Kyreon T.K. Watkins listened to opening statements Tuesday in Hennepin County District Court and then brought the trial to an end by agreeing to plead guilty to second-degree assault for the first shooting incident and first-degree assault for the second.

Watkins is expected to receive a sentence of more than nine years in prison, according to the county attorney's office, with the probability of supervised release after slightly more than six.

"Gun violence, regardless of the age of the shooter, must be firmly and directly met," County Attorney Mike Freeman said in announcing the plea. "This sentence is appropriate for this unacceptable conduct."

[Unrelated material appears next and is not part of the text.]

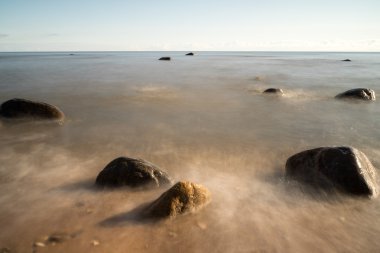 Sabahleyin kayalık bir sahil manzarası. Uzun pozlu çekim.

On Feb. 27, 2010, when Watkins was 14, he was on a Metro Transit bus near 49th and Humboldt Avenues N. in Minneapolis when someone shot two of his teen acquaintances on board. Watkins got off the bus, ran after the shooter and fired eight times but missed.

The shooting on the bus culminated a bloody first two months that year in the city involving young people, prompting Mayor R.T. Rybak to make a public plea for citizens to work together against youth violence.

Watkins was arrested, placed in a residential treatment facility and certified in December 2010 to stand trial as an adult.

While on a weekend pass from that facility, Watkins, then 15, showed up uninvited — and armed — to an eighth-grade graduation party on June 10, 2011, in the 3200 block of Logan Avenue N. He and several others were wearing all red and were told to leave because there was "no gangbanging" at the house, according to the criminal complaint.

Angered, Watkins pulled out a handgun with a laser sight and pointed it at partygoers on the front porch. Watkins shot a man in the shoulder and abdomen, critically but not fatally wounding him.

It was during the opening statements in the first shooting that Watkins decided to admit to both acts of violence.